Paying for Bush’s War

Over at the Wall Street Journal op-ed pages former W economic adviser Glenn Hubbard is sounding the alarm. “[We] stand on the verge of a very large tax increase” he says, referring the expiration of certain provisions of the 2001 and 2003 legislation known as the Bush tax cuts.

“it would be the largest increase in personal income taxes since World War II. It would be more than twice as large as President Lyndon Johnson’s surcharge to finance the war in Vietnam and the war on poverty.”

This is wrong on multiple levels. One, he’s a little late to the party. Bush already raised taxes. As Milton Friedman taught us (maybe Hubbard missed school that day): when government spends, it taxes. Once the money is spent, the only question is who will pay, and when. Therefore when W launched the Iraq War and kept it going for five years, he raised taxes. He could have collected taxes to pay for it, but he didn’t. He punted. But someone will pay.

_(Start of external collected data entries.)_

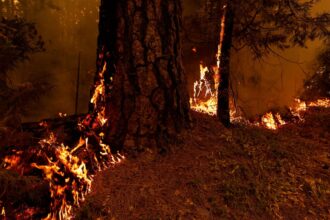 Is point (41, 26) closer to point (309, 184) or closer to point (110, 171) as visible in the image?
point (110, 171)

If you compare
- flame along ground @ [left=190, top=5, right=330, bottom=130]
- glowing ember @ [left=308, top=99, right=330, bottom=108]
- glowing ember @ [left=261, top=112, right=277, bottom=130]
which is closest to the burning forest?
flame along ground @ [left=190, top=5, right=330, bottom=130]

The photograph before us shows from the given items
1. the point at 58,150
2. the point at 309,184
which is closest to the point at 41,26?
the point at 58,150

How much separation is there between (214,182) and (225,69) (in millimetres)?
1727

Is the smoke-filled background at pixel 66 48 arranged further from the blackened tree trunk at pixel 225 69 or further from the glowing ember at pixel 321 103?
the glowing ember at pixel 321 103

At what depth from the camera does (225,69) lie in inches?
176

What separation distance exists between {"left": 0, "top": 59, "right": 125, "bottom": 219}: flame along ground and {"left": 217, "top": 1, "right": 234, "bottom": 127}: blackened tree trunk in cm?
160

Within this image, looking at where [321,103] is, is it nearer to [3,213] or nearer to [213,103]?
[213,103]

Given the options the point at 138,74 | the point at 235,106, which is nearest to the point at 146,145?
the point at 138,74

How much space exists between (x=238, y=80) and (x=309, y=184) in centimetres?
428

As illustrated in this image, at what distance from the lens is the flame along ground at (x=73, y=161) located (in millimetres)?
2998

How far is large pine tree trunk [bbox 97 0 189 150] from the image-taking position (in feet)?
11.4

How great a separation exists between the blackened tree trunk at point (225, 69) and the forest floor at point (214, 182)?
0.34 meters

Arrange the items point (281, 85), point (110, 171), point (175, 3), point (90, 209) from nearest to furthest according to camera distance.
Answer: point (90, 209) → point (110, 171) → point (175, 3) → point (281, 85)

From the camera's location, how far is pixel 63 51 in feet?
17.9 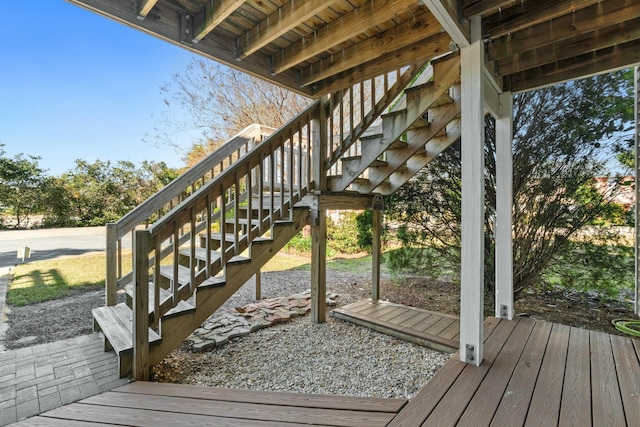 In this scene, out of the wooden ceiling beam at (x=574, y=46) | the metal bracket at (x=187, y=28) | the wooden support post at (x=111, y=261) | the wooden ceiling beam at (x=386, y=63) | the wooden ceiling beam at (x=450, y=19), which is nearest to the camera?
the wooden ceiling beam at (x=450, y=19)

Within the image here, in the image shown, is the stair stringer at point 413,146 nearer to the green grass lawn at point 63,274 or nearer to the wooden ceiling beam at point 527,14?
the wooden ceiling beam at point 527,14

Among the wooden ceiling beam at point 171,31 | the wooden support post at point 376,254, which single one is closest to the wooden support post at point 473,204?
the wooden ceiling beam at point 171,31

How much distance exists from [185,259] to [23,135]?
12.1 metres

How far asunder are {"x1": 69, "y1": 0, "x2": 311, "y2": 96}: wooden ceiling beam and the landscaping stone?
2611 millimetres

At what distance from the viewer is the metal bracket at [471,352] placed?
1.94 meters

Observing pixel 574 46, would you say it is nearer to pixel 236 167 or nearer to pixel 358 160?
pixel 358 160

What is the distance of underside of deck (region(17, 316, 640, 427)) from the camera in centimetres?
142

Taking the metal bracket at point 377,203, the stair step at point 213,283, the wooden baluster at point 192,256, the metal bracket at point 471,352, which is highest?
the metal bracket at point 377,203

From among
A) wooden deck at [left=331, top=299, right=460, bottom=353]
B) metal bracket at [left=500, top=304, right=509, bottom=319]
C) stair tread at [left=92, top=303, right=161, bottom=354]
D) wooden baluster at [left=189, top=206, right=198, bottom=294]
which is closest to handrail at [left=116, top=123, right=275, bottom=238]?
stair tread at [left=92, top=303, right=161, bottom=354]

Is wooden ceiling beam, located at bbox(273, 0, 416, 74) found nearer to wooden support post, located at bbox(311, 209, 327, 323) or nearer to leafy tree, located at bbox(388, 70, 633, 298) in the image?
wooden support post, located at bbox(311, 209, 327, 323)

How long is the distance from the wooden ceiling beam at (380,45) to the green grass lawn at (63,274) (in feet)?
14.6

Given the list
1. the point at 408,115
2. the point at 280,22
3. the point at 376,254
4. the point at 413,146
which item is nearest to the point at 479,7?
the point at 408,115

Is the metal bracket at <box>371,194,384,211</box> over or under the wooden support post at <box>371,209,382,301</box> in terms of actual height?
over

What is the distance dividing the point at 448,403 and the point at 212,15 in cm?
293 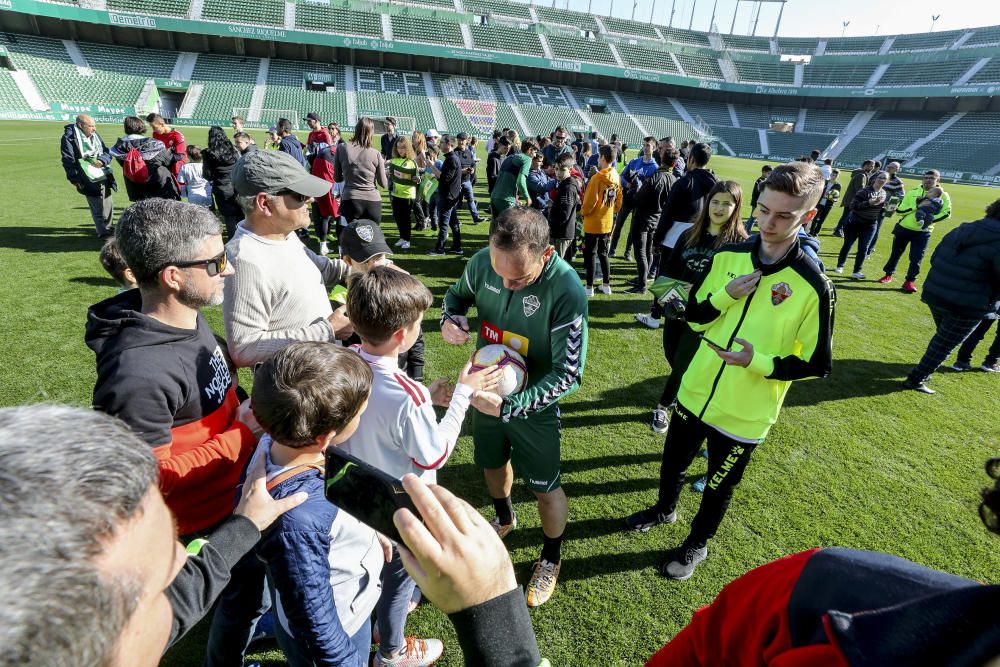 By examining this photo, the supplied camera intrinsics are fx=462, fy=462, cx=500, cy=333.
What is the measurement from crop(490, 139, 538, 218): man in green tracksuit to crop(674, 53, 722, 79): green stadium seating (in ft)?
168

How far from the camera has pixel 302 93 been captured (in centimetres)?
3619

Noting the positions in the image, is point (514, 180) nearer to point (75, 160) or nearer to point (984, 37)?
point (75, 160)

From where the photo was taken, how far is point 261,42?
128ft

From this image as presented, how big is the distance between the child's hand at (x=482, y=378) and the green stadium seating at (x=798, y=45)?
65.8 metres

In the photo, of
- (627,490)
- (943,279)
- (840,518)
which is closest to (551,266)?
(627,490)

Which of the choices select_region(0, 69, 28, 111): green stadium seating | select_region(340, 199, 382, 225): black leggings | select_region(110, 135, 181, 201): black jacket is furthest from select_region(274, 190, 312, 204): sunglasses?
select_region(0, 69, 28, 111): green stadium seating

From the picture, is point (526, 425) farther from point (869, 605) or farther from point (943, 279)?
point (943, 279)

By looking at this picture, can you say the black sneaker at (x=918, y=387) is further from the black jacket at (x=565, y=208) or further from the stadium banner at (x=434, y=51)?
the stadium banner at (x=434, y=51)

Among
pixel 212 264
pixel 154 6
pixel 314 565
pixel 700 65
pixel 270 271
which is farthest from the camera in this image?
pixel 700 65

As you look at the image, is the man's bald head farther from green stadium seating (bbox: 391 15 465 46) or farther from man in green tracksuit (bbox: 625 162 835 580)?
green stadium seating (bbox: 391 15 465 46)

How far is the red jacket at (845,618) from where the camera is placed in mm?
615

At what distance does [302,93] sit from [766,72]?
47.2 m

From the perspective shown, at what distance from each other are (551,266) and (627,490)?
2185 mm

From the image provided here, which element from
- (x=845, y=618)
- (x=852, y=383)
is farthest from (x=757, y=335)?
(x=852, y=383)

There are several ways to pay for government spending. All of them are effectively taxes. Among the options are: a) raise personal income tax rates, or b) impose a surcharge on other government programs. There are many others, but the point is we aren’t talking about increasing taxes or not. We are talking about how to pay for taxes already imposed.

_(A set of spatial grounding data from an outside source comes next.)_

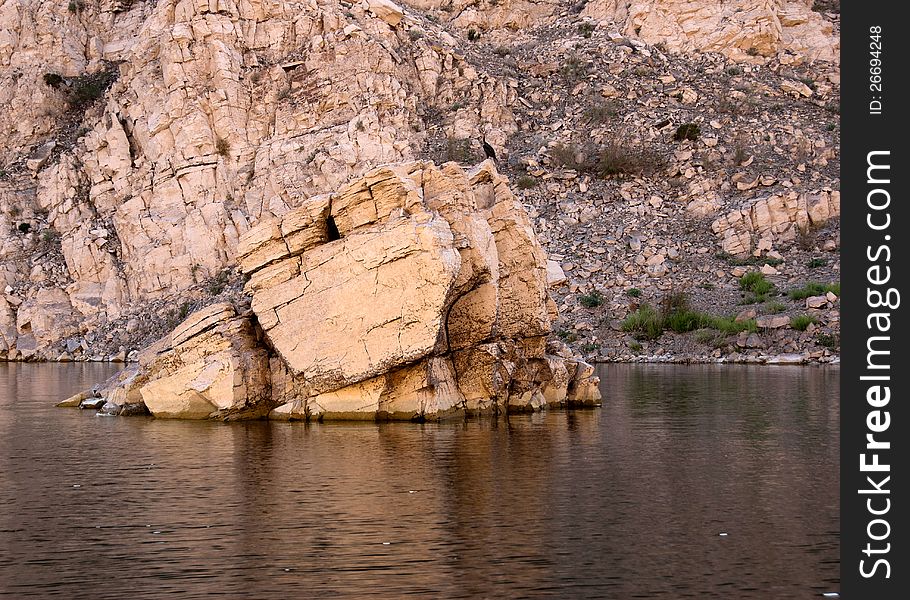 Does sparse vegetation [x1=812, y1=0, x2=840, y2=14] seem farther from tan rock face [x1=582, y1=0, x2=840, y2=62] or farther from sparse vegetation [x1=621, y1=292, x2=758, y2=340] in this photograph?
sparse vegetation [x1=621, y1=292, x2=758, y2=340]

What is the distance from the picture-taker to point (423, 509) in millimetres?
19047

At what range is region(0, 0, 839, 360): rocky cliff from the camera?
2921 inches

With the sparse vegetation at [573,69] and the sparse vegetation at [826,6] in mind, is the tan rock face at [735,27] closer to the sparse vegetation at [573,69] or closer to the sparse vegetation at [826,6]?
the sparse vegetation at [826,6]

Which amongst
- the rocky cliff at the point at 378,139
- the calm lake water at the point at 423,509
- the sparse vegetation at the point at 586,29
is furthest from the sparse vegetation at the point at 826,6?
the calm lake water at the point at 423,509

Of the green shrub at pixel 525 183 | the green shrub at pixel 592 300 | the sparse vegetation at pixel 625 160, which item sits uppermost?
the sparse vegetation at pixel 625 160

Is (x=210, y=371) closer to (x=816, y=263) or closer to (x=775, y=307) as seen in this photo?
(x=775, y=307)

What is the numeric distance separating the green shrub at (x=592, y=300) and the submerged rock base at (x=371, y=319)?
33.5 m

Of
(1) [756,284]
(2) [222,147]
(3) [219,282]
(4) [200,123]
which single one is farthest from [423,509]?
(4) [200,123]

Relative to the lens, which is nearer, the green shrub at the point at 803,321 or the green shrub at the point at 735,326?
the green shrub at the point at 803,321

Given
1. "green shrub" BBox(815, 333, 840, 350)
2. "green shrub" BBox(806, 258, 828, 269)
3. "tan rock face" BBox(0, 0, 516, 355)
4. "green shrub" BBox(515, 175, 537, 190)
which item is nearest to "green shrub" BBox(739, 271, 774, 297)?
"green shrub" BBox(806, 258, 828, 269)

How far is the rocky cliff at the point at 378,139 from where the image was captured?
243 feet

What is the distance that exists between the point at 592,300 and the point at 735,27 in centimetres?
3802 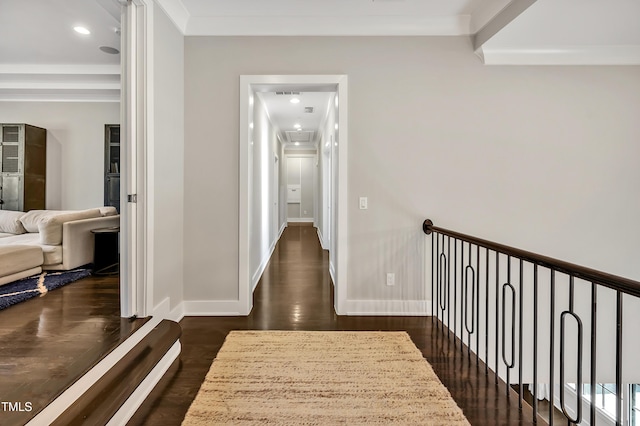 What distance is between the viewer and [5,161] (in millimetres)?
4785

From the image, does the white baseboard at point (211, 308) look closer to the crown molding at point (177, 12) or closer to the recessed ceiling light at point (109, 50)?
the crown molding at point (177, 12)

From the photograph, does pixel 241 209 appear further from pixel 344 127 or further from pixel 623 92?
pixel 623 92

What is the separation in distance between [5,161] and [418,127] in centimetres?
607

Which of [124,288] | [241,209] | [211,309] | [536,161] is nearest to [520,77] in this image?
[536,161]

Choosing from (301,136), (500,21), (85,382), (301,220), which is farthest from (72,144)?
(301,220)

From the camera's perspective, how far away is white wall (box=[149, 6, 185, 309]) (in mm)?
2316

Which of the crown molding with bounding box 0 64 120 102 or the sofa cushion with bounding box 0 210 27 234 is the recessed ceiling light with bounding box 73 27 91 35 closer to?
the crown molding with bounding box 0 64 120 102

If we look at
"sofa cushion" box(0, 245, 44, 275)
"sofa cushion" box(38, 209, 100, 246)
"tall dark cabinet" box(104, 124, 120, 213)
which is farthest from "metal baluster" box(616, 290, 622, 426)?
"tall dark cabinet" box(104, 124, 120, 213)

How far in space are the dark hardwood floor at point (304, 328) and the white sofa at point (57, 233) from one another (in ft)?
7.33

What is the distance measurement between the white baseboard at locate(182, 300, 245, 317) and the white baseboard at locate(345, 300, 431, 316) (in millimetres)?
1022

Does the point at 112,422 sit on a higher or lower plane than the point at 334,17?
lower

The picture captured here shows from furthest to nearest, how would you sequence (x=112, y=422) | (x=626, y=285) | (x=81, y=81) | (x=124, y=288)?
(x=81, y=81) → (x=124, y=288) → (x=112, y=422) → (x=626, y=285)

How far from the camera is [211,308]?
9.25 feet

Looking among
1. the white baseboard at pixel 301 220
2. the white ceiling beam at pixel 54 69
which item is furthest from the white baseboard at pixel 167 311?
the white baseboard at pixel 301 220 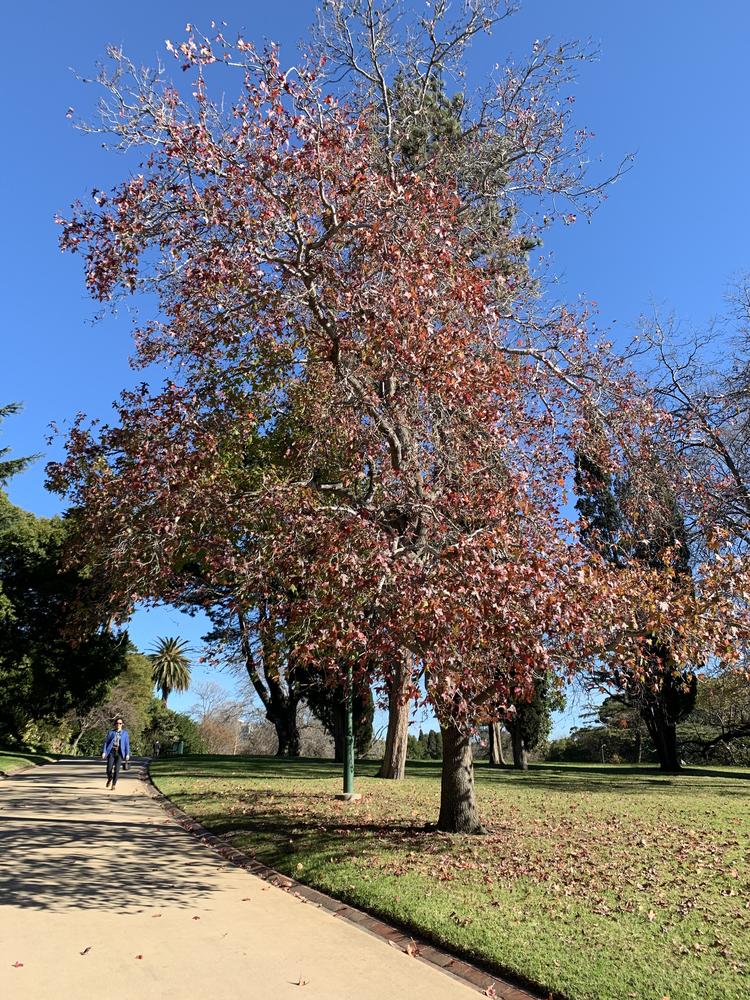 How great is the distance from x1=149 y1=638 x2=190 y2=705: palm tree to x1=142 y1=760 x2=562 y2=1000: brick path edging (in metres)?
54.0

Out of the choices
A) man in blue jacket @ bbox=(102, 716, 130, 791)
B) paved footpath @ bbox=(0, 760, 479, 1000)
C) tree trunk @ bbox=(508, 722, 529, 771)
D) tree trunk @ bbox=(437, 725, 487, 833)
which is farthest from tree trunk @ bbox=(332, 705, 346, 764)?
paved footpath @ bbox=(0, 760, 479, 1000)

So how will this war effort be financed? Bush and Hubbard favor option “b”. They want to impose a surcharge on other government programs, primarily Medicare and Social Security. How do we know those programs are targeted? For the same reason Bugsy Malone robbed banks, “that’s where the money is”; or as Hubbard puts it

nondefense spending growth needs to be restrained to 2% per year

Indeed. Since inflation will take 3% an healthcare cost are rising 7% “nondefense” spending will be slowly strangled.

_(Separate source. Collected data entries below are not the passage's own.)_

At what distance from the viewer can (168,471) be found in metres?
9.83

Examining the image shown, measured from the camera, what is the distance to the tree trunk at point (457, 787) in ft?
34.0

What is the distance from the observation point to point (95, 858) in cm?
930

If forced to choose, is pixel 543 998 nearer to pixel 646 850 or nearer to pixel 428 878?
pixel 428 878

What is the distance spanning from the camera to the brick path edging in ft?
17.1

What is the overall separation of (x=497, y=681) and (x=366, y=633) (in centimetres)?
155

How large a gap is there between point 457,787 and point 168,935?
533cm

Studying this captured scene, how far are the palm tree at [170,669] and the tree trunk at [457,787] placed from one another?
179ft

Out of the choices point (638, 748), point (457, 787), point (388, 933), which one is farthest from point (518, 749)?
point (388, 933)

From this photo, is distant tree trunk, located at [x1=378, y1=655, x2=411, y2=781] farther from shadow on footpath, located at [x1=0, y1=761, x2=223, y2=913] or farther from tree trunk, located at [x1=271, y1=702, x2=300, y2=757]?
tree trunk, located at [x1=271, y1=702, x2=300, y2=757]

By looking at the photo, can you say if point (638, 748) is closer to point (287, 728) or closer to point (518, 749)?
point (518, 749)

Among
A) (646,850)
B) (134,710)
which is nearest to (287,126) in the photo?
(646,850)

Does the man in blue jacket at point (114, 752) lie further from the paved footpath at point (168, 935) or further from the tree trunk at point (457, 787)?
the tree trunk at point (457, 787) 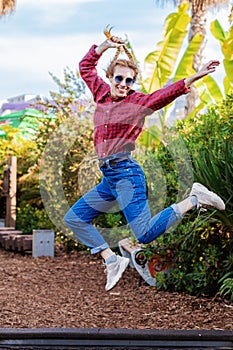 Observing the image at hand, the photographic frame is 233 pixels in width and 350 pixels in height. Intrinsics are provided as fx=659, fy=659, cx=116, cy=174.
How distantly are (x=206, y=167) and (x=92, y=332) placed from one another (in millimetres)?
1907

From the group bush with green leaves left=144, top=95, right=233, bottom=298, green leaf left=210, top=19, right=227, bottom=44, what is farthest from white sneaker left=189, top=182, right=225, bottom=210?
green leaf left=210, top=19, right=227, bottom=44

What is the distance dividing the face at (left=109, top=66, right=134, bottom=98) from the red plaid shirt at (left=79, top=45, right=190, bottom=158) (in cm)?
6

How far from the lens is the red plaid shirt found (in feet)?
13.8

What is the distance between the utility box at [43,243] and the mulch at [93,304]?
1138 millimetres

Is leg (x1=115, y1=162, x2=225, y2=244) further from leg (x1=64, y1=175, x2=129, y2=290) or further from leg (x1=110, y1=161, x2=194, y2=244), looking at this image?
leg (x1=64, y1=175, x2=129, y2=290)

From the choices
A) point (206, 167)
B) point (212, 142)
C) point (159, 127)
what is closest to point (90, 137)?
point (159, 127)

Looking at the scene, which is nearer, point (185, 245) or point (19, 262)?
point (185, 245)

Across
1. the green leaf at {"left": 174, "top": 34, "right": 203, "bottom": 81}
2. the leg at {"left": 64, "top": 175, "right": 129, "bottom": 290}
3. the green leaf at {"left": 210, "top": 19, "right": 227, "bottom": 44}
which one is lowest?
the leg at {"left": 64, "top": 175, "right": 129, "bottom": 290}

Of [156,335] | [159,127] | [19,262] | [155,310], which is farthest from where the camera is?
[159,127]

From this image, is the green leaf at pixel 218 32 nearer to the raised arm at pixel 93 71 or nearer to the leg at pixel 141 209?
the raised arm at pixel 93 71

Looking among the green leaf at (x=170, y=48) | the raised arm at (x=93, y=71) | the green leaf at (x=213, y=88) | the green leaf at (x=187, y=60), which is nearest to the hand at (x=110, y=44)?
the raised arm at (x=93, y=71)

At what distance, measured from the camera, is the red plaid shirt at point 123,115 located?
4.21 meters

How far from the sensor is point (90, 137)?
35.3 ft

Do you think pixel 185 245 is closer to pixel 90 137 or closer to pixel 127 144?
pixel 127 144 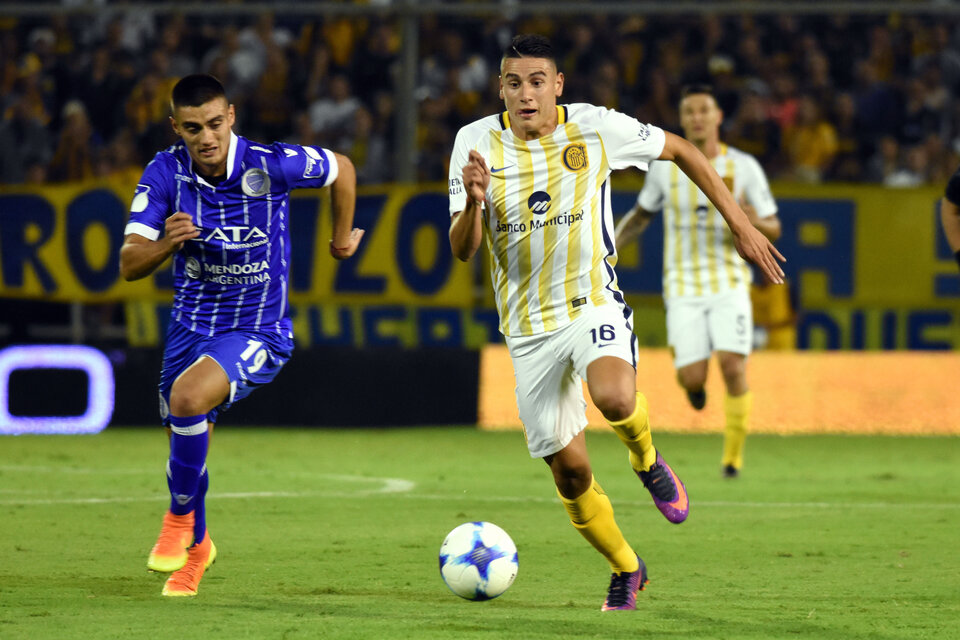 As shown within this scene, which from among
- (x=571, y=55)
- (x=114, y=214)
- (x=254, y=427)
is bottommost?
(x=254, y=427)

Ultimately this isn’t complicated. Either you believe the beneficiaries of social programs should pay for Bush’s War, and in the process weaken the programs themselves. Or you believe its more appropriate for the wealthy to pay for the majority of it. If the latter, then personal income tax rates need to go up. Not to the monumental proportion depicted in Hubbard’s chart. Just to the level they were in the 1990’s, about 9.5% of GDP.